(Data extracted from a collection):
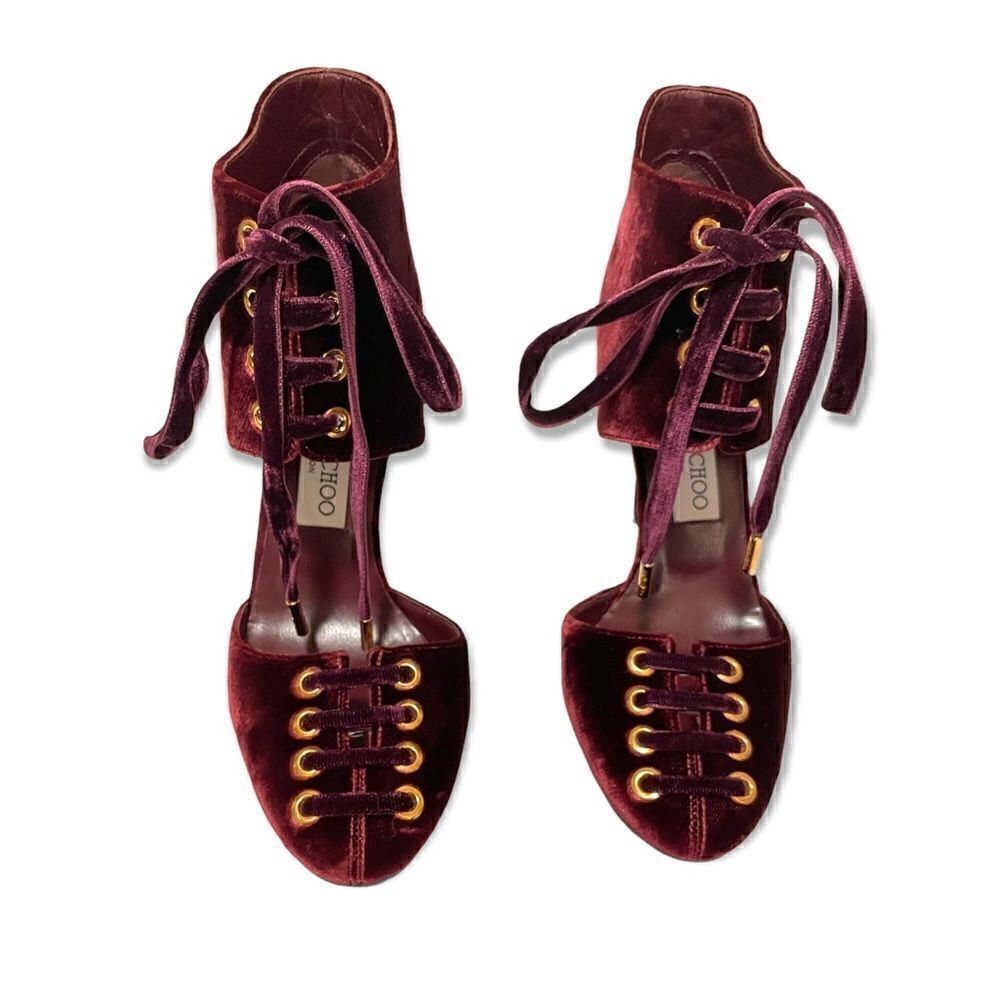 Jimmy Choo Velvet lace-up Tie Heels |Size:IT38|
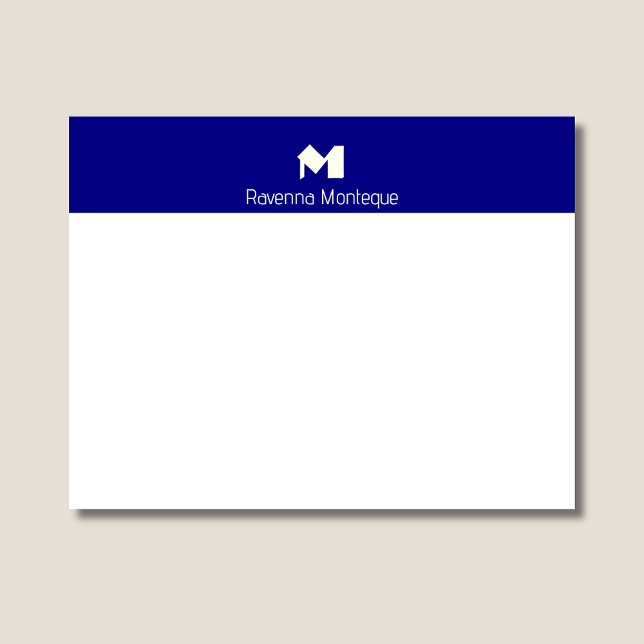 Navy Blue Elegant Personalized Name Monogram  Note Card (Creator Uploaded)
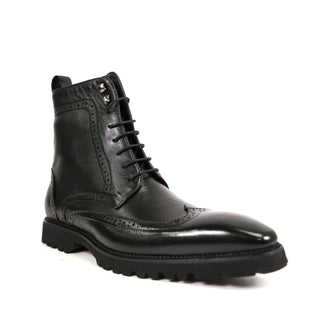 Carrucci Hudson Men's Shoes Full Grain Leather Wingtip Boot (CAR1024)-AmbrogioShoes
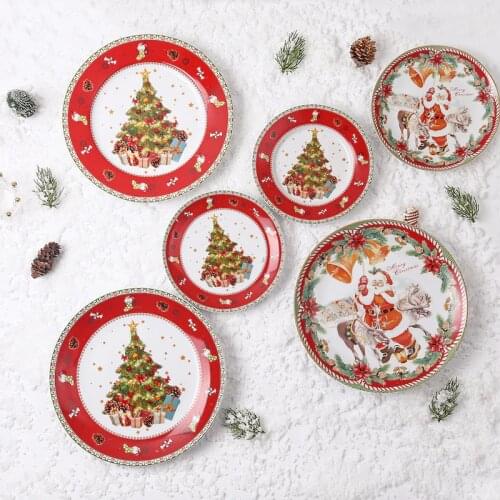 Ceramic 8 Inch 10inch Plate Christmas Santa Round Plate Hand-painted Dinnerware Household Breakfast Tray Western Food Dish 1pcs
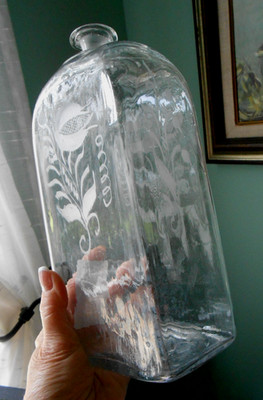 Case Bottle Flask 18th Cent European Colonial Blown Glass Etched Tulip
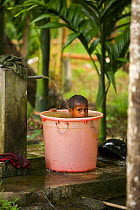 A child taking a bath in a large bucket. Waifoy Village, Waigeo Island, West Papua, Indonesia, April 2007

(Task description):
All entries are to be retyped exactly. Omit any embedded images.

(Written response):
 Jimmy Choo Velvet lace-up Tie Heels |Size:IT38|
 Navy Blue Elegant Personalized Name Monogram  Note Card (Creator Uploaded)
 Carrucci Hudson Men's Shoes Full Grain Leather Wingtip Boot (CAR1024)-AmbrogioShoes
 Ceramic 8 Inch 10inch Plate Christmas Santa Round Plate Hand-painted Dinnerware Household Breakfast Tray Western Food Dish 1pcs
 Case Bottle Flask 18th Cent European Colonial Blown Glass Etched Tulip
 A child taking a bath in a large bucket. Waifoy Village, Waigeo Island, West Papua, Indonesia, April 2007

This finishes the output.